Nous sommes conscients de la nécessité de rénover les dispositions régissant les compétences, les missions et le fonctionnement du Conseil, afin qu'il continue à jouer son rôle de régulateur dans un environnement diversifié et ouvert à la révolution numérique. Cette régulation doit être d'abord économique, et reposer sur une vision d'ensemble de l'évolution de plus en plus rapide du secteur audiovisuel.

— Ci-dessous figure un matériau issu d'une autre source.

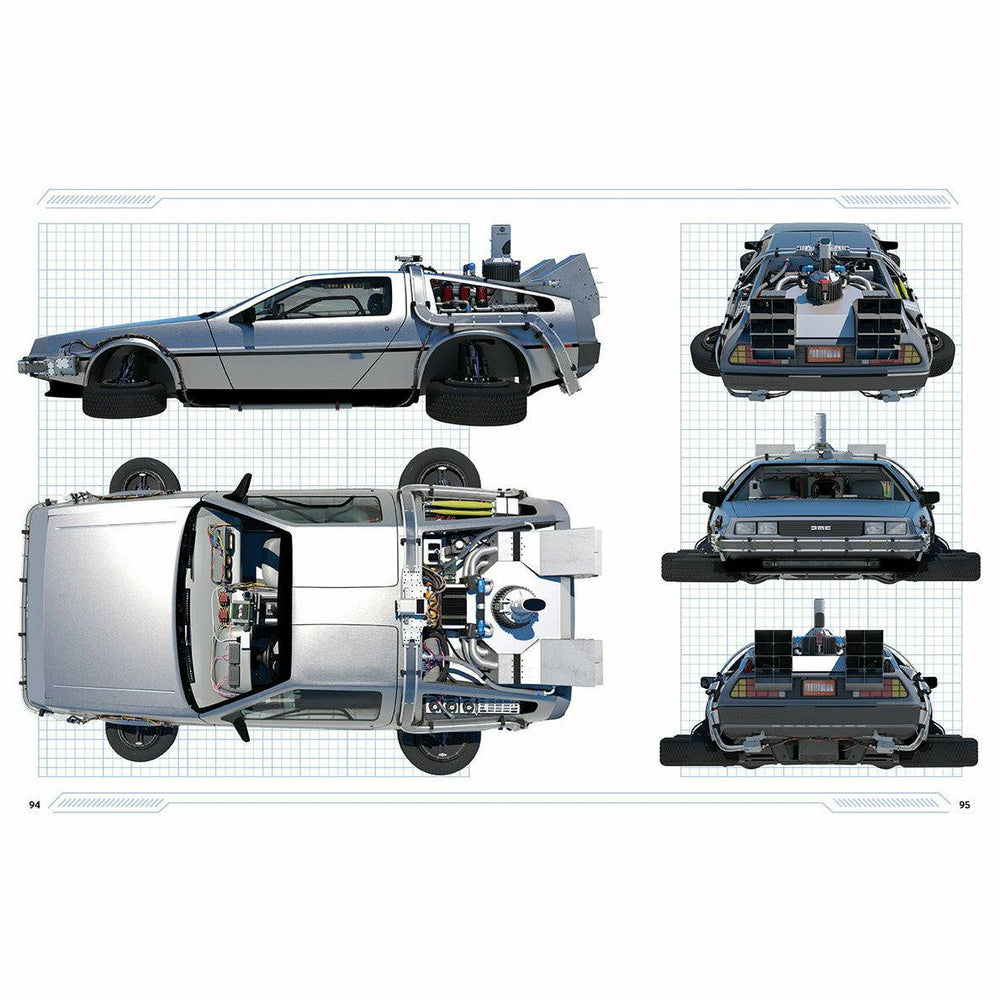 Back to the Future: DeLorean Time Machine: Doc Brown's Owner's Workshop Manual hardcover book by Bob Gale and Joe Walser (ONLINE ORDER ONLY)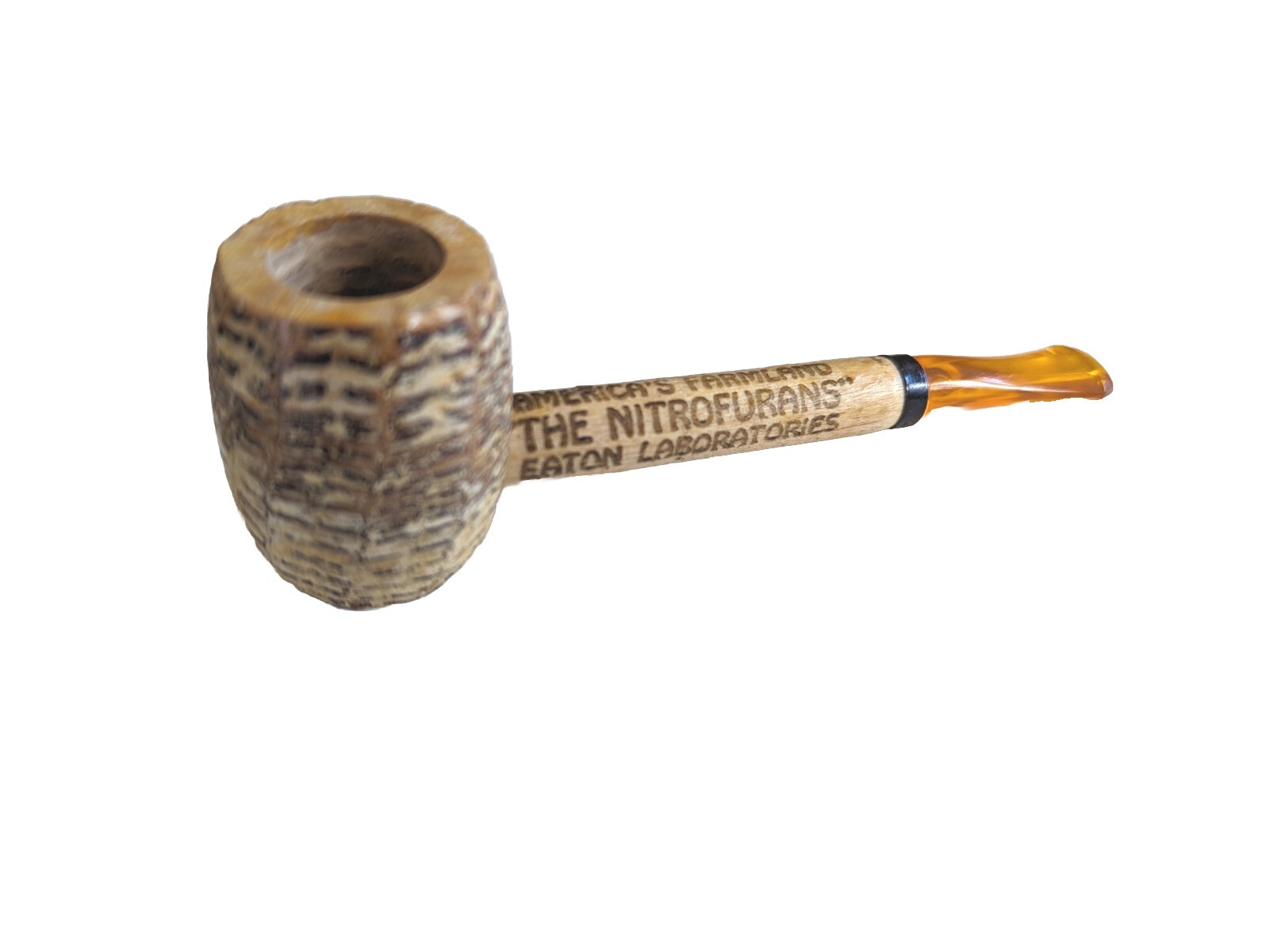 VTG NITROFURANS Corn Cob Pipe Promotional Item Pharma Drug Rep 1970s UNUSUAL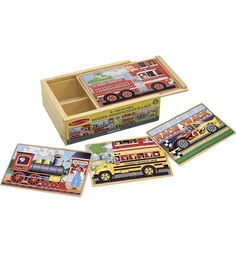 Деревянные пазлы Melissa&Doug Транспорт
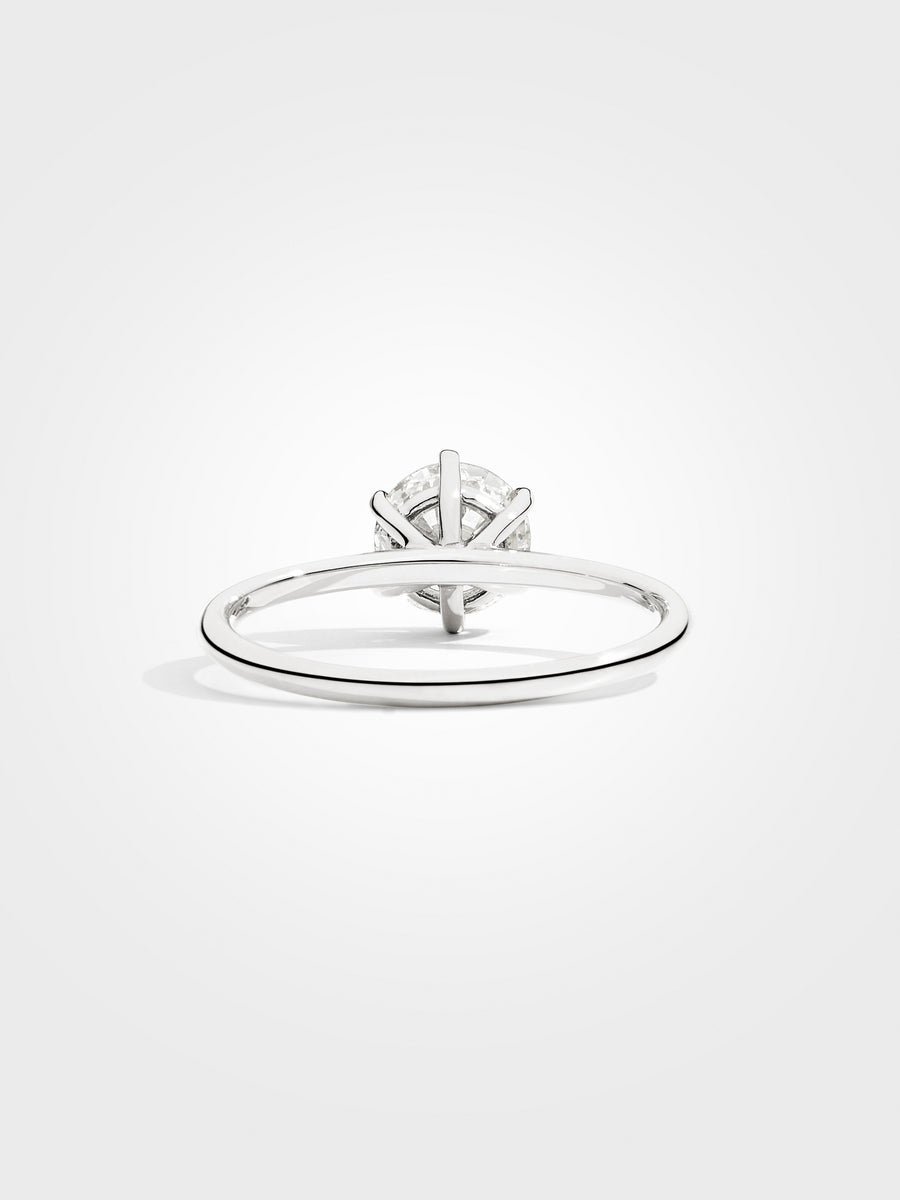 Round Solitaire - White Gold - 1 ct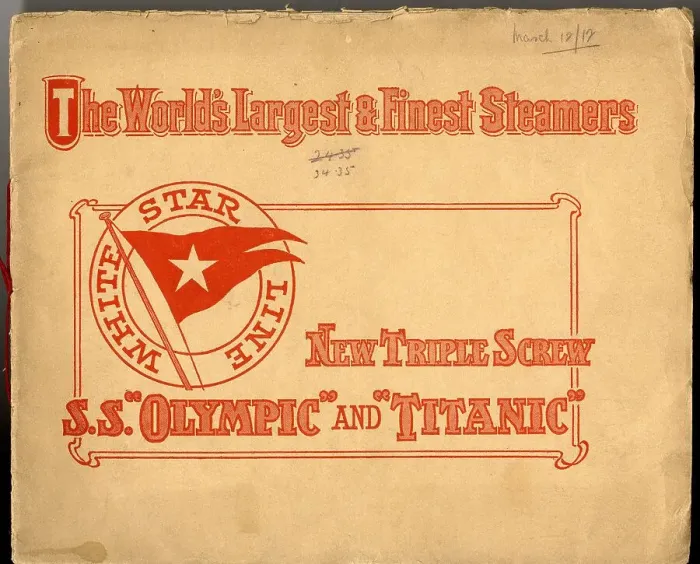 Framed Print : White Star Line, Olympic and Titanic, brochure cover Framed Print : White Star Line, Olympic and Titanic, brochure cover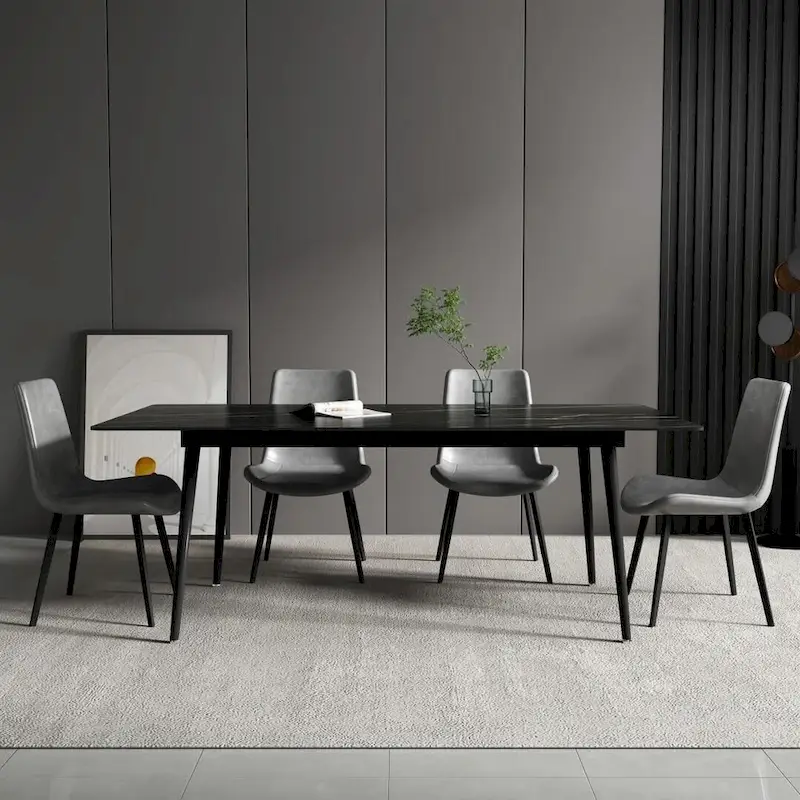 70.8  Rectangle Dining Table with Stone Top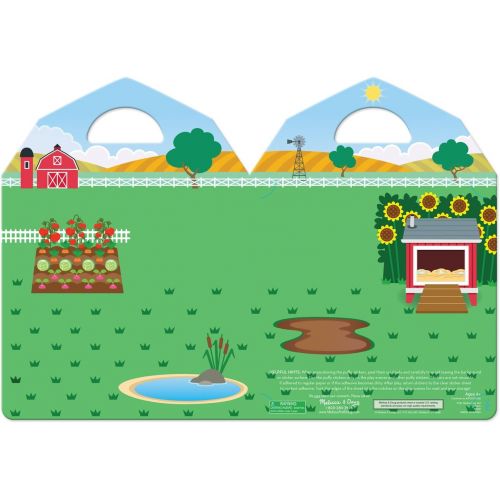  Melissa & Doug Reusable Puffy Stickers-Farm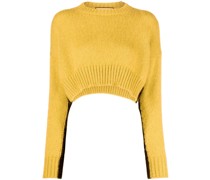 cropped mohair-blend Pullover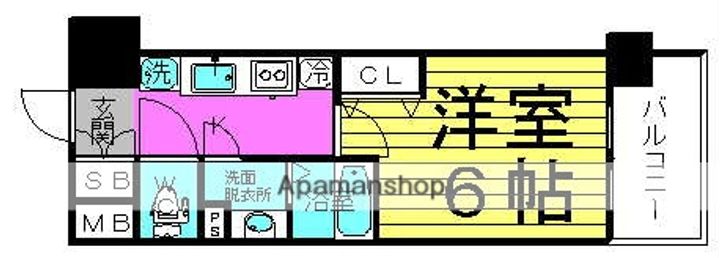 プレサンス梅田東ディアロ0505の間取り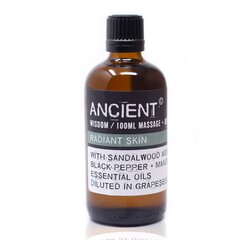 Spindesio suteikiantis masažo aliejus Radiant Skin, Ancient, 100 ml цена и информация | Кремы, лосьоны для тела | pigu.lt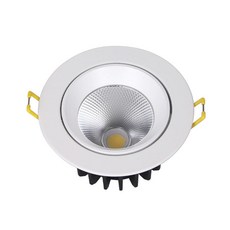 COB 집중형 8w LED 다운라이트 매입등 3인치 화이트, 1개, 전구색(3000k)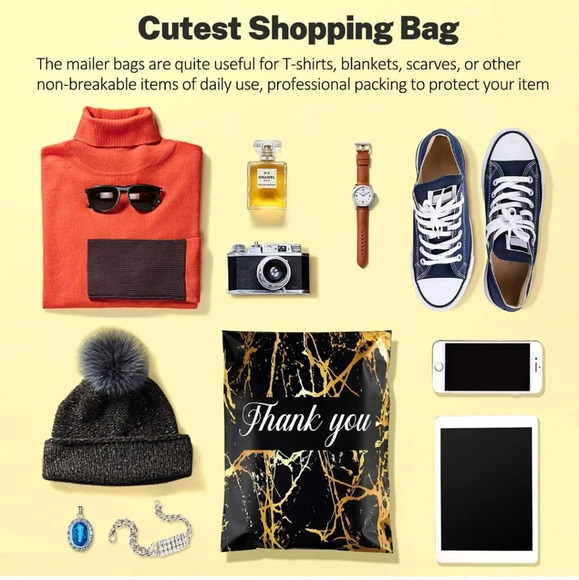 100 Pack Poly Mailers 10x13, Cute Packaging Envelope Mailers Polymailers Packagi - Picture 3 of 6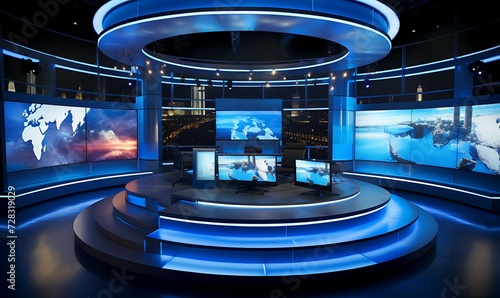 telenews news studio
 photo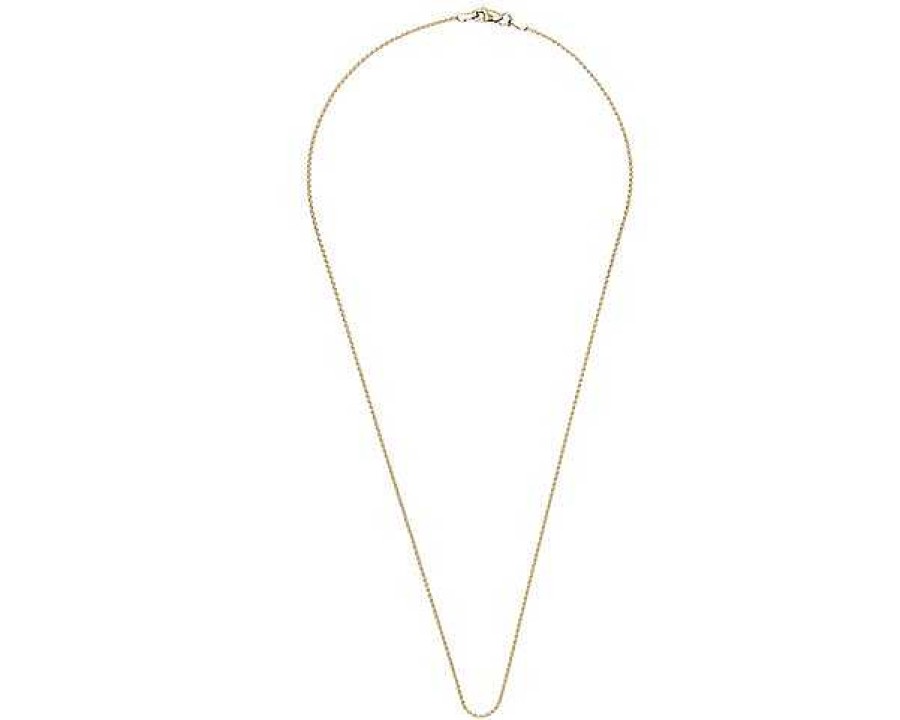 Necklaces | Blue Nile 18" Wheat Chain In 14K Yellow Gold (1.2 Mm)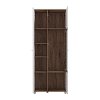 ΒΙΤΡΙΝΑ BURGUNDY 2K VS1 200 ΛΕΥΚΟ-FLAGSTAFF OAK-ΛΕΥΚΟ HIGH GLOSS FOIL 78,5x40x197εκ s.p.k 11012062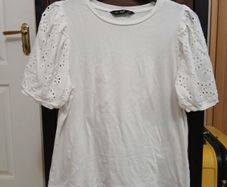 White t-shirt detailing on sleeves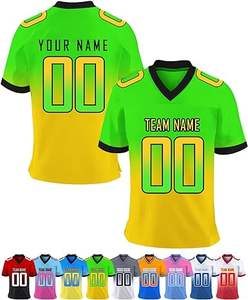 เสื้อเจอร์ซีย์อเมริกันฟุตบอลระเหิดกำหนดชื่อทีมจำนวนโลโก้-ชุดกีฬาแห้งเร็ว - Product Image 4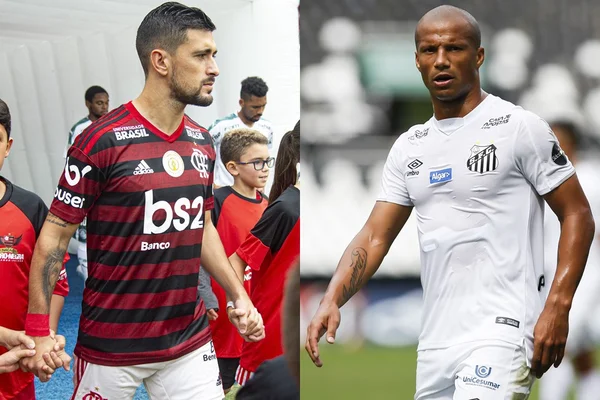 Flamengo e Santos duelam pela liderança na 1ª partida da 19ª rodada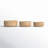 Ensemble de 3 paniers en rotin Low Cane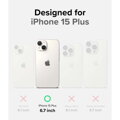 Ringke iPhone 15 Plus Case Fusion Bold Clear/ Black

Le projet de loi, qui dans sa version initiale rénovait les fondations institutionnelles du CSA, comporte depuis son examen par l'Assemblée nationale plusieurs dispositions réformant son mode d'action : ce sont là les premiers jalons d'une rénovation d'ensemble de la législation audiovisuelle, auxquels vous apporterez sans doute votre contribution.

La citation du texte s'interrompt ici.